(Beginning of Recorded information)
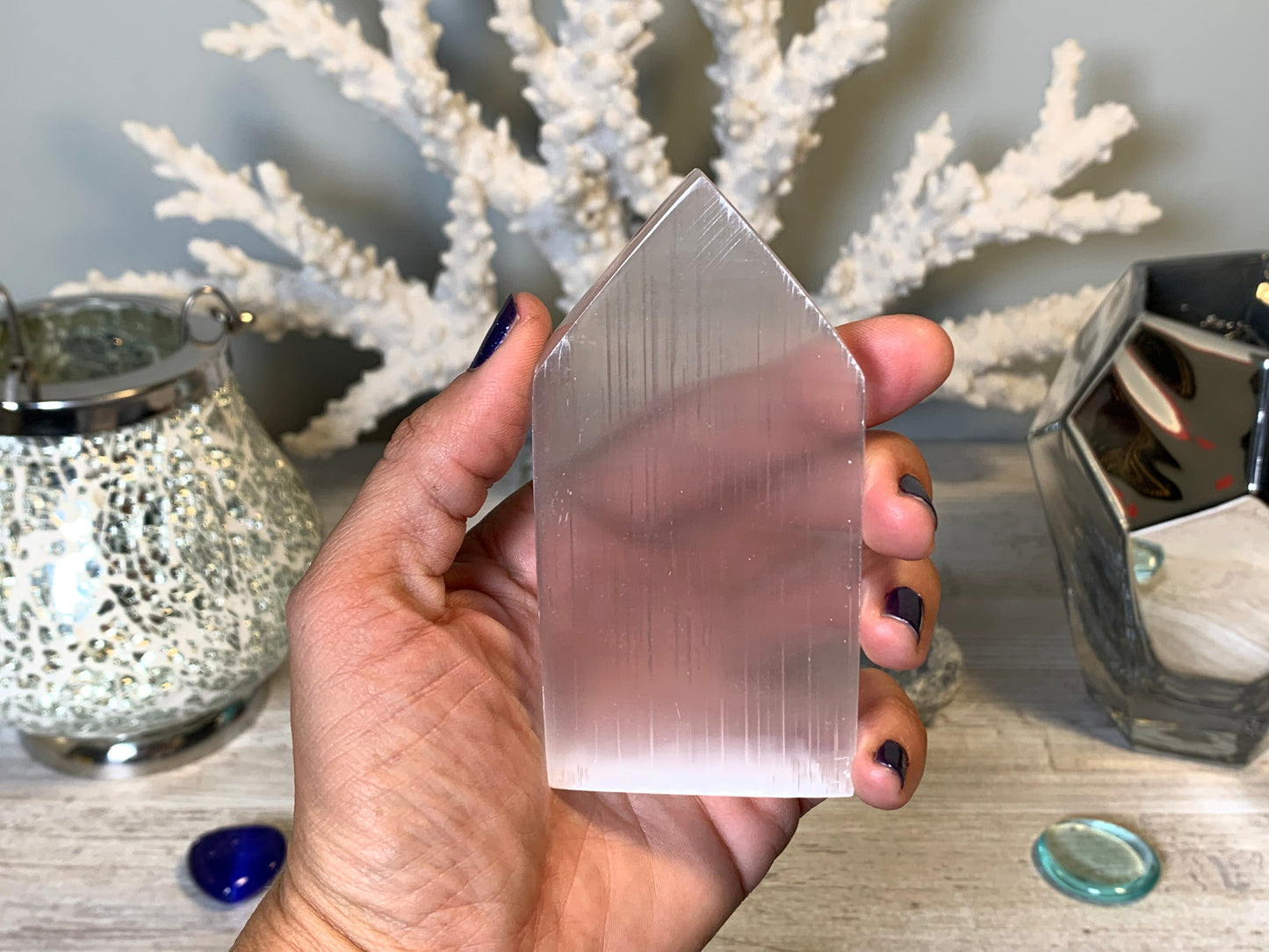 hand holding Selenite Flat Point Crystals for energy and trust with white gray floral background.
(End of Recorded information)
(Beginning of Recorded information)
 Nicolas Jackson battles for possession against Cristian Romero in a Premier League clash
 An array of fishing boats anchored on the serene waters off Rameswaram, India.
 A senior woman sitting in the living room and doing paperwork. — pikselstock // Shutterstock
(End of Recorded information)
Copy the records above exactly, beginning at the line that contains "Nicolas Jackson battles" and stopping after the line that contains "A senior woman".

Answer below -
 Nicolas Jackson battles for possession against Cristian Romero in a Premier League clash
 An array of fishing boats anchored on the serene waters off Rameswaram, India.
 A senior woman sitting in the living room and doing paperwork. — pikselstock // Shutterstock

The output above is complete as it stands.